Local Content policies aim to leverage the extractive value chain to generate sustained and inclusive growth through economic diversification and employment opportunities and generate opportunities for regional integration and international trade. Additionally, Local Content can reduce countries’ dependence on external aid.
The implementation of effective Local Content policies depends on early engagement and collaboration among government, extractive industry companies, and communities.
Foreign capital in mineral and petroleum producing countries has historically driven investment and employment. However, the most valuable contribution to long term sustainable and inclusive growth comes from the ability of the extractive industries to generate further benefits to the domestic economy beyond the direct contribution of its value-added, through productive linkages with other sectors.

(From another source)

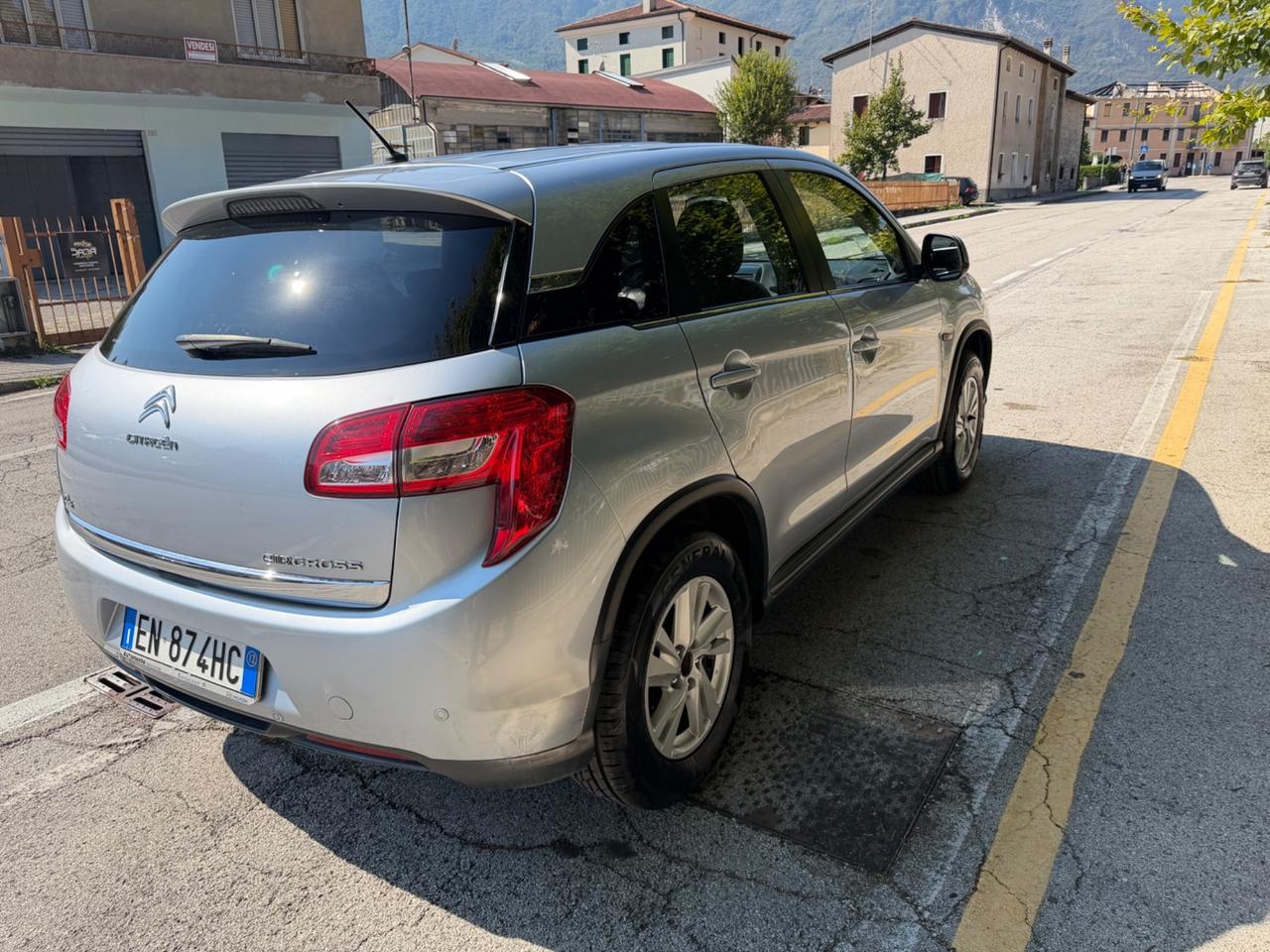 Citroen C4 Aircross 1.6 HDi 115 Stop&Start 4WD Exclusive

Government intervention in the petroleum and mining sectors to support broad-based economic growth is hardly a new trend. The extent and type of intervention has evolved over time from the restrictions on imports, and direct state intervention, to more complex policies aimed at creating backward and forward links. While these policies have the potential to stimulate broad-based economic development, their application in resource-rich countries has achieved mixed results.

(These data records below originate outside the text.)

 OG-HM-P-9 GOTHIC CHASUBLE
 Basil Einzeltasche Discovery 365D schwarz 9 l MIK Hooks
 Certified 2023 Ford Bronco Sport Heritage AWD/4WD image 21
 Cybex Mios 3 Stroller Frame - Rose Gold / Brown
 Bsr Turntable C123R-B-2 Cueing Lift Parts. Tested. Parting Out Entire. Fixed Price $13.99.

Through a wide array of policy instruments employed by host governments, Local Content in the extractive industries is being given ever higher priority while oil, gas and mining companies now rate local content among the most significant expectations in the communities in which they operate.
While Local Content Policies (LCPs) have the potential to stimulate broad-based economic development their use has achieved mixed results. There are many reasons for that, not least the fact that the technological complexity of the petroleum sector often limits the possibility of developing links into the local economy. An economy that is very limited can hardly be expected to quickly supply services. A fast-growing extractive sector coupled with too ambitious local content targets may exacerbate supply bottlenecks arising from increased aggregate final demand. This would ultimately affect employment and output trends in other sectors of the economy, and create distortions and inefficiencies. Furthermore, the size and location of extractive projects also affect the type of potential links, and the speed at which they can efficiently develop.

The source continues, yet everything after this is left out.